Sono circa 4 milioni le vetture immatricolate all’estero in Italia, che sfruttando una falla normativa fanno risparmiare sull’assicurazione. Infatti la targa estera costa come copertura assicurativa appena 120 euro all’anno. E se da un lato c’è chi ne approfitta per acquisire auto di lusso, sono sempre di più quelli che conoscono il ‘trucchetto’ per risparmiare e lo mettono in pratica. Peraltro con la libera circolazione dei veicoli il dato che riguarda le vetture immatricolare all’estero è sicuramente al ribasso. Lo scrive il quotidiano ‘Libero’, che ricorda però come chi ha un’auto con targa straniera, può utilizzarla sul territorio italiano per non più di un anno.

Allo scadere dei dodici mesi, occorre reimmatricolare l’auto e pagare tasse, il bollo e la Rc Auto italiana. Vi è allo studio da parte del governo una riforma del codice stradale che intende ridurre i tempi che concederebbero una sorta di vacatio normativa.
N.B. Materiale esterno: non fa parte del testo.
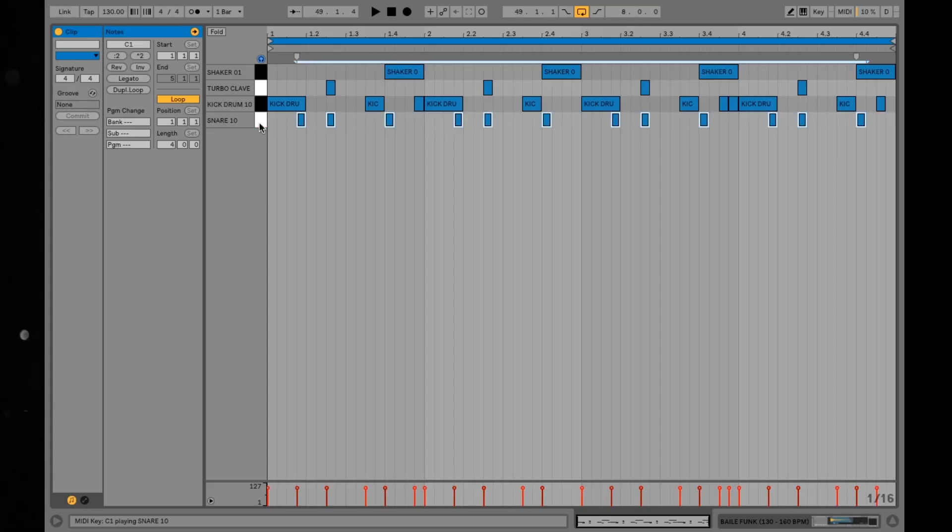Next up we have Baile Funk, born in Brazil. Usually stripped-back loops with heavily swung and syncopated percussion, making for real high-energy club music that can be really difficult to mix. Here is an example of a current 130 BPM Baile Funk drum pattern.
Resta il fatto che – come chiarito in Commissione Trasporti – non sono incluse in queste restrizioni le auto concesse in leasing o in locazione. Ciò in sostanza vuol dire che se l’auto viene gestita da una società con sede all’estero, sarà impossibile essere multati. Rispetto a questa prospettiva, le forze dell’ordine assicurano che estera con sede ad esempio in Bulgaria, e non da un privato, sarà impossibile essere multati. Su questo punto, però, le forze dell’ordine spiegano di poter fare controlli mirati sul contratto di leasing e sul fatto che l’auto venga effettivamente utilizzata prevalentemente in Italia. Ciò nonostante, ammettono comunque che nel nostro Paese la normativa in materia è totalmente inadeguata.